Al via la conferenza per scegliere il nuovo leader della Cdu. Il partito della Cdu sceglierà il proprio presidente sabato durante una conferenza virtuale. Il vincente tra i tre candidati ha buone possibilità di diventare il futuro cancelliere tedesco, una delle figure politiche più importanti anche in Europa.

I contendenti sono: Il deputato ed esperto di politica estera Norbert Röttgen, l’ex capogruppo parlamentare Friedrich Merz e il leader del Nordreno-Vestfalia Armin Laschet.

Dal punto di vista politico, essi si differenziano soprattutto per la loro visione di ciò che significa essere conservatori nel mondo di oggi, e nessuno dei tre ha presentato posizioni concrete sulla politica europea.

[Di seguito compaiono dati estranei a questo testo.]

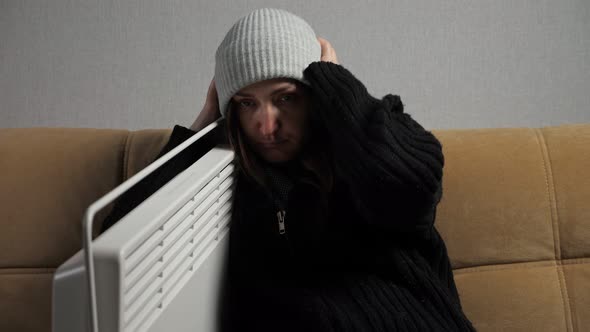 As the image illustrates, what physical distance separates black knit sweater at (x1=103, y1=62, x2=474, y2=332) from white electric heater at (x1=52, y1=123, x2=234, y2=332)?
A: 3.5 inches

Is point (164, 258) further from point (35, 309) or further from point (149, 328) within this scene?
point (35, 309)

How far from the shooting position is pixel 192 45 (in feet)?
5.01

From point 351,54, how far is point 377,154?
0.68 meters

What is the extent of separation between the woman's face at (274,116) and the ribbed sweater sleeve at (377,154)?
0.16 feet

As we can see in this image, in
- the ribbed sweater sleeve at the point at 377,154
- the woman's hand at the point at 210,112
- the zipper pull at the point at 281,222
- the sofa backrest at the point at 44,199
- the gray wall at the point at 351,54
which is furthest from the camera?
the gray wall at the point at 351,54

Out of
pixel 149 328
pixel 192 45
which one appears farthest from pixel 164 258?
pixel 192 45

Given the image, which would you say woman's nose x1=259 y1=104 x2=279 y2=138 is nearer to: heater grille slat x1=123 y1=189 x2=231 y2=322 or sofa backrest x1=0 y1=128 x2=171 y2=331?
heater grille slat x1=123 y1=189 x2=231 y2=322

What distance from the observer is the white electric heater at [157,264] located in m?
0.51

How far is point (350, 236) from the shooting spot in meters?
1.04

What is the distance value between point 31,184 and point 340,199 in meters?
0.77

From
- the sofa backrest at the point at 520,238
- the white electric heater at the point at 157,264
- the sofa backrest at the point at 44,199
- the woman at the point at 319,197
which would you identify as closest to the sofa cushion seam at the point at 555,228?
the sofa backrest at the point at 520,238

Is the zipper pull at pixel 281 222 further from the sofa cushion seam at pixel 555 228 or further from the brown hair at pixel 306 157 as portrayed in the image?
the sofa cushion seam at pixel 555 228

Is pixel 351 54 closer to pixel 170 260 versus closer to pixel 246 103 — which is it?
pixel 246 103

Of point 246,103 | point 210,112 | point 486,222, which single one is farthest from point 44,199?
point 486,222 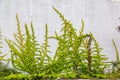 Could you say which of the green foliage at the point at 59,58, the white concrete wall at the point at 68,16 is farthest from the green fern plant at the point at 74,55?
the white concrete wall at the point at 68,16

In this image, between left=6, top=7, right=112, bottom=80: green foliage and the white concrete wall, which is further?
the white concrete wall

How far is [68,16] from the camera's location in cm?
700

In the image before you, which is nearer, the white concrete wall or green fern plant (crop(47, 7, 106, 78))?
green fern plant (crop(47, 7, 106, 78))

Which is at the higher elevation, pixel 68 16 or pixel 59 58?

Anche se il leader della Cdu diventa tradizionalmente candidato alla carica di cancelliere, non è garantito che uno di questi tre sostituirà Angela Merkel. Röttgen, in particolare, ha sottolineato che non insisterà necessariamente sulla candidatura a cancelliere.

Il partito potrebbe invece nominare il premier bavarese Markus Söder, leader del partito gemello della Cdu, la Csu, che si dice abbia ambizioni in questo senso, anche se ha pubblicamente respinto le proposte. Anche il ministro della Salute Jens Spahn è uno dei possibili candidati alla posizione.

(Lukas Scheid e Philipp Grüll | EURACTIV.de)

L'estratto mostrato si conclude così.